Inserted: 23 sep 2015
Last Updated: 5 dec 2018

Journal: Transactions of the American Math Society, Series B.
Year: 2015

Abstract:

Given a manifold $M$ and a proper sub-bundle $\Delta\subset TM$, we study homotopy properties of the \emph{horizontal} base-point free loop space $\Lambda$, i.e. the space of absolutely continuous maps $\gamma:S^1\to M$ whose velocities are constrained to $\Delta$ (for example: legendrian knots in a contact manifold).

A key technical ingredient for our study is the proof that the base-point map $F:\Lambda \to M$ (the map associating to every loop its base-point) is a Hurewicz fibration for the $W^{1,2}$ topology on $\Lambda$. Using this result we show that, even if the space $\Lambda$ might have deep singularities (for example: constant loops form a singular manifold homeomorphic to $M$), its homotopy can be controlled nicely. In particular we prove that $\Lambda$ (with the $W^{1,2}$ topology) has the homotopy type of a CW-complex, that its inclusion in the standard base-point free loop space (i.e. the space of loops with no non-holonomic constraint) is a homotopy equivalence, and consequently its homotopy groups can be computed as $\pi_k(\Lambda)\simeq \pi_k(M) \ltimes \pi_{k+1}(M)$ for all $k\geq 0.$

These topological results are applied, in the second part of the paper, to the problem of the existence of \emph{closed} sub-riemannian geodesics. In the general case we prove that if $(M, \Delta)$ is a compact sub-riemannian manifold, each non trivial homotopy class in $\pi_1(M)$ can be represented by a closed sub-riemannian geodesic.

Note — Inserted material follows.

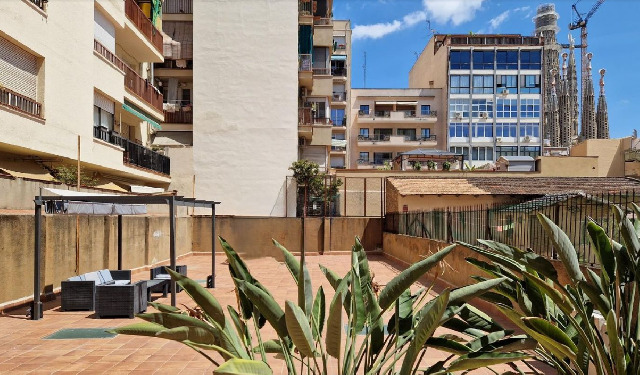 Imagen 2 Inmueble 302488 - Piso en venta en Barcelona / Calle Napols - Sagrada Familia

In the \emph{contact} case, we prove a min-max result generalizing the celebrated Lyusternik-Fet theorem: if $(M, \Delta)$ is a compact, contact manifold, then every sub-riemannian metric on $\Delta$ carries at least one closed sub-riemannian geodesic. This result is based on a combination of the above topological results with a delicate study of the Palais-Smale condition in the vicinity of \emph{abnormal} loops (singular points of $\Lambda$).